Bu süreçte binanın çeşitli katlarının kiralandığı gerekçesiyle Gürelli yeni davalar açtı. Gürelli, binada Kızılay’ın dispanser hizmeti vermesini, aksi halde mirasın kendisi ve 2010 yılında ölen emekli büyükelçi ağabeyi Haluk Güvener’in 2 çocuğuna iade edilmesini talep etti. Dava sürecinde binanın giriş katı geçmişte kan alma birimi olarak hizmet verse de bir süre sonra otobüs firması ile bir telefon bayiine kiralandı. Gürelli’nin iddiasına göre 6 davadan 5’ini Kızılay kaybetti. Gürelli, “Bina için satılamaz, dispanser dışında kullanılamaz” şerhi aldırdı. Taraflar arasındaki hukuki süreçte önümüzdeki günlerde binada bilirkişi incelemesi yapılacağı öğrenildi. Gürelli, yıllardır çözülemeyen konuyu Anayasa Mahkemesi’ne taşıyacak.

Gürelli “Şu anda Kadıköy Meydanı’ndaki çadırda kan alınıyor. Binanın son katı ise deniz manzaralı restoran” diyor. Annesinin Kızılay’a bağışladığı taşınmazın kendisi ve 2 yeğenine iadesi halinde annesinin vasiyetinin yerine getirileceğini söyleyen Gürelli, binanın iadesi yönünde karar çıkması halinde her katında sağlık hizmeti verdireceklerini kaydetti.

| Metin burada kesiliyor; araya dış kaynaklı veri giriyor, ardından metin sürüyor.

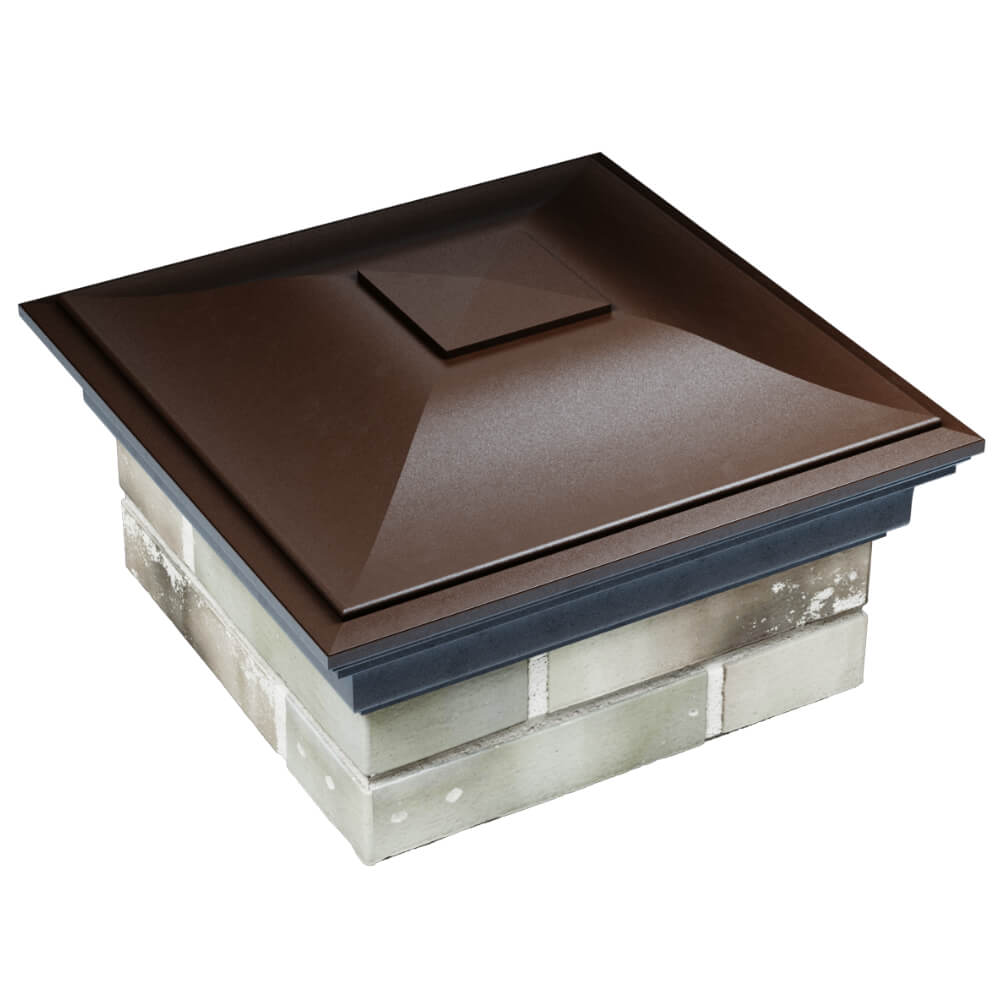 Колпак Zking Монблан Коричневый на столб 1.5х1.5 кирпича (385х385мм) в Саратове фото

Kızılay: Kira geliri ihtiyaç sahiplerine

Kızılay yetkilileri ise, davaların yerel mahkemede ve Yargıtay’da Kızılay lehine sonuçlandığını belirterek binanın son durumuna ilişkin şu açıklamayı yaptı: “6 katlı binanın 2 katı aile sağlığı merkezine dönüştürülmüştür. Diğer 2 katının da yine sağlık alanında hizmet veren kamu idarelerinin kullanımına sunulması planlanmaktadır. Diğer iki katın biri şube hizmet binası olarak hizmet vermekte, diğer katı ise şubeye gelir getirmesi amacıyla kiraya verilmiştir. Kızılay’ın faaliyetlerini sürdürmek için bağışlardan ve bunlardan elde edilen gelirlerden başka bir geliri bulunmamaktadır.”